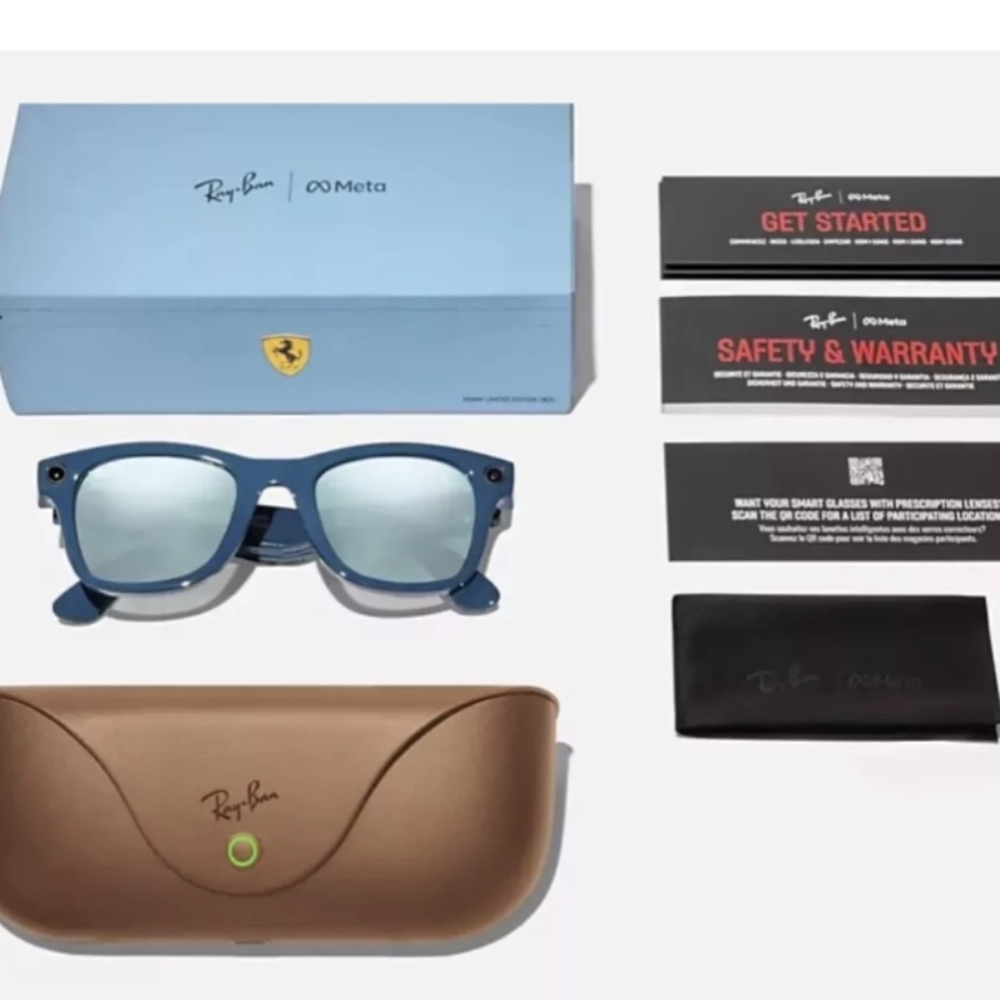 Rayban Meta Ferrari Smart Sunglasses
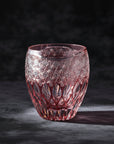 Toa Glass Edo Kiriko Crystal Whisky Glass by Satoshi Nabetani - Lotus 蓮華 (Red)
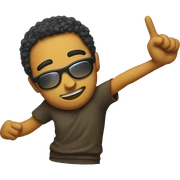 Dabbing sticker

◆ **What you have to do**
Please return the material above unchanged, with every picture removed.

◆ **Written solution**
 Rayban Meta Ferrari Smart Sunglasses
 Toa Glass Edo Kiriko Crystal Whisky Glass by Satoshi Nabetani - Lotus 蓮華 (Red)
 Dabbing sticker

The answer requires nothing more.